:: TASK DIRECTIONS ::
What you return should be the full listing, copied exactly and stripped of its pictures.
++++ SUPPLIED DATA
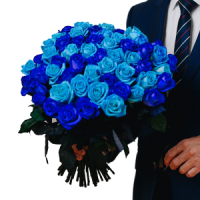 Kytice modrých růží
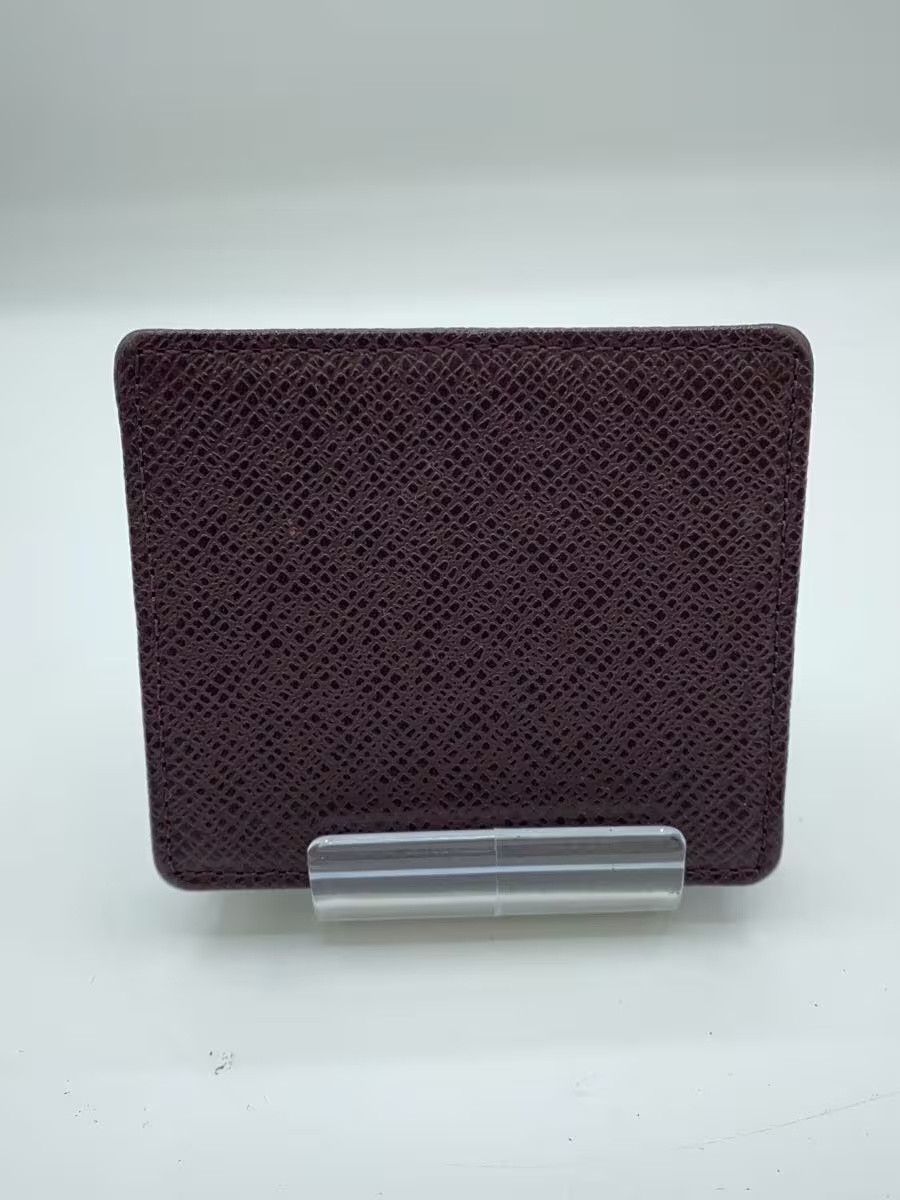 Louis Vuitton Louis Vuitton Taiga Porte Monet Boite Leather Bordeaux Size ONE SIZE - 2 Thumbnail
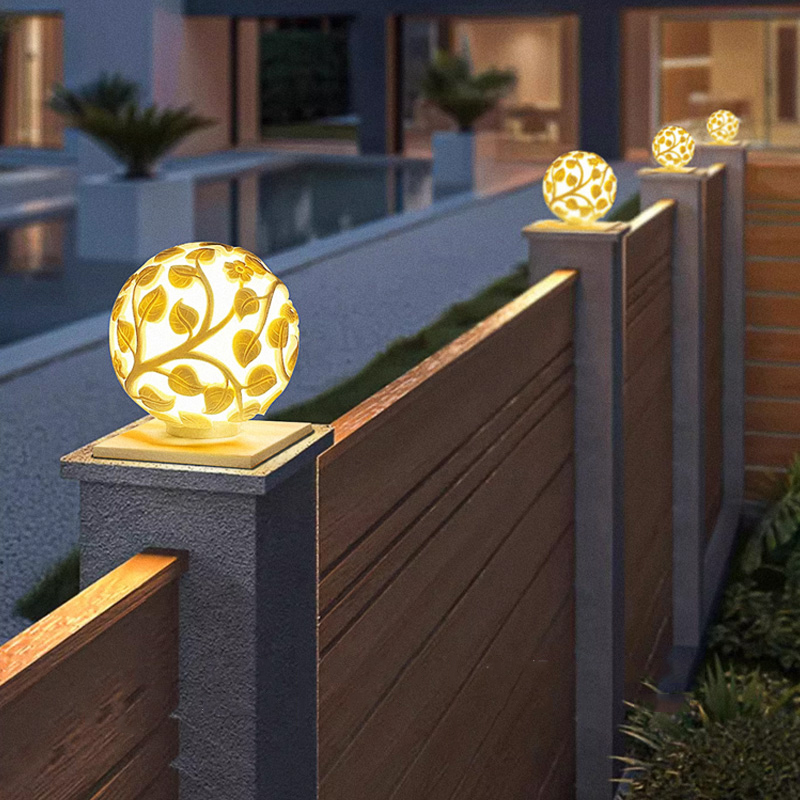 Decor Lighting Floor Lamps - Lampu kolom luar ruangan lampu kolom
++++++++
:: WRITTEN RESPONSE ::
 Kytice modrých růží
 Louis Vuitton Louis Vuitton Taiga Porte Monet Boite Leather Bordeaux Size ONE SIZE - 2 Thumbnail
 Decor Lighting Floor Lamps - Lampu kolom luar ruangan lampu kolom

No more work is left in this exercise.